En effet ces deux œuvres n’ont pas été réunies par hasard dans la même collection. Toutes deux rédigées à la première personne, elles permettent de suivre, avec une intensité réelle, deux personnages antagonistes, mais rapprochés par une passion commune, celle de la vie : voilà un jeune politicien ambitieux, et un adolescent miséreux et rebelle, réunis par l’envie de cesser de survivre pour se mettre à vivre vraiment, pour se libérer du joug du quotidien et du pouvoir établi, et pour respirer enfin un air qu’ils auront choisi.

Et tandis que l’un combat la rouille du conservatisme qui a envahi sa commune, l’autre tourne avec mépris le dos à l’hypocrisie occidentale qui envahit son village lors de la Semaine Sainte, tous deux avec le rêve d’un monde meilleur.

La force du « je »

Certains récits exigent du temps et de la patience avant de vous emporter avec eux dans une spirale d’émotions addictives. Personne, cependant, ne blâmera ces œuvres qui vous empêchent de dormir tant que vous n’avez pas tourné la dernière page pour découvrir avec déception que la suivante n’est qu’une liste de remerciements ou un sommaire des chapitres. Avec la collection Plein Feu, vous ne connaîtrez pas ce problème : chaque récit ne fait qu’une soixantaine de pages en petit format. Mais ne vous risquez pas à entreprendre une autre activité avant la lecture : l’intensité de leur contenu vous fera oublier rapidement toutes les autres tâches que vous avez à accomplir.

Dès la première page, le « je » narrateur vous emmène avec lui sans ménagement, et ne vous lâchera, essoufflé, que soixante pages plus

octobre 2013

tard. Qu’il s’agisse de Sébastien Marnier ou de Salomé Berlemont-Gilles, qui ont pourtant chacun un style bien différent, la lecture coule de source, le style est fluide malgré un vocabulaire parfois soutenu. Intenses, complexes, les émotions qui animent à la fois le personnage et le lecteur s’enchaînent à une vitesse surprenante, qui laisse peu de place au repos.

Et pourtant en un instant le récit est déjà fini, on peut refermer le livre, sonné, et surpris d’être soi et plus ce politicien rêveur ou ce jeune mexicain désabusé. On met quelques minutes à reprendre ces esprits, et immédiatement on en veut encore. J’avais alors la chance d’avoir les deux sous la main, et je n’ai pas attendu bien longtemps avant d’entamer le deuxième.

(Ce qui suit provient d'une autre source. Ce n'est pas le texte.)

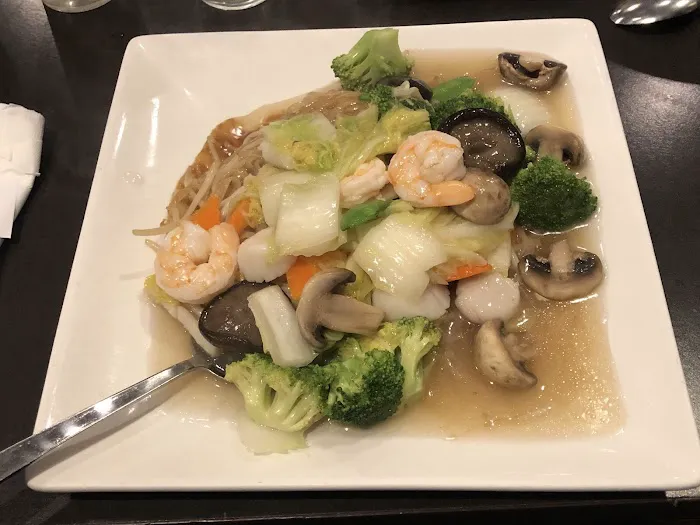 Mai's Restaurant Picture 3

Politique, quand je te lis

 La vraie force de ces deux œuvres impressionnantes réside dans les faits qu’elles dénoncent, et les combats qu’elles mettent en lumière. Car si la lecture peut divertir, son vrai pouvoir est de réveiller les consciences et construire des opinions. La collection Plein Feu ne braque pas seulement ses projecteurs sur des récits réussis par des auteurs talentueux, elle dévoile surtout deux histoires engagées, au message fort et politique, où la dénonciation est le maître mot. Qu’il s’agisse du pourrissement du monde politique français au plus petit niveau qui soit, ou de l’instrumentalisation des cultures au service du tourisme, à des milliers de kilomètres de là, le choc des mots fait mouche et touche.

Et dans un monde où l’information servie sera celle comblant le plus parfaitement la satisfaction d’une majorité, entendre des voix dissonantes, différentes, animent la conscience et l’esprit. Refusant de voir grand, fort, brillant et épatant, ces deux récits installent notre œil face au microscope du monde, réglé sur deux êtres seulement, insignifiants et apparemment impuissants, pour nous montrer que c’est à travers le plus petit que se construit le plus grand.

  • Sébastien Marnier, Une vie de petits-fours
  • Salomé Berlemont-Gilles, Argentique
  • Collection Plein Feu, éditions JC Lattès, octobre 2013, 4€ chacun.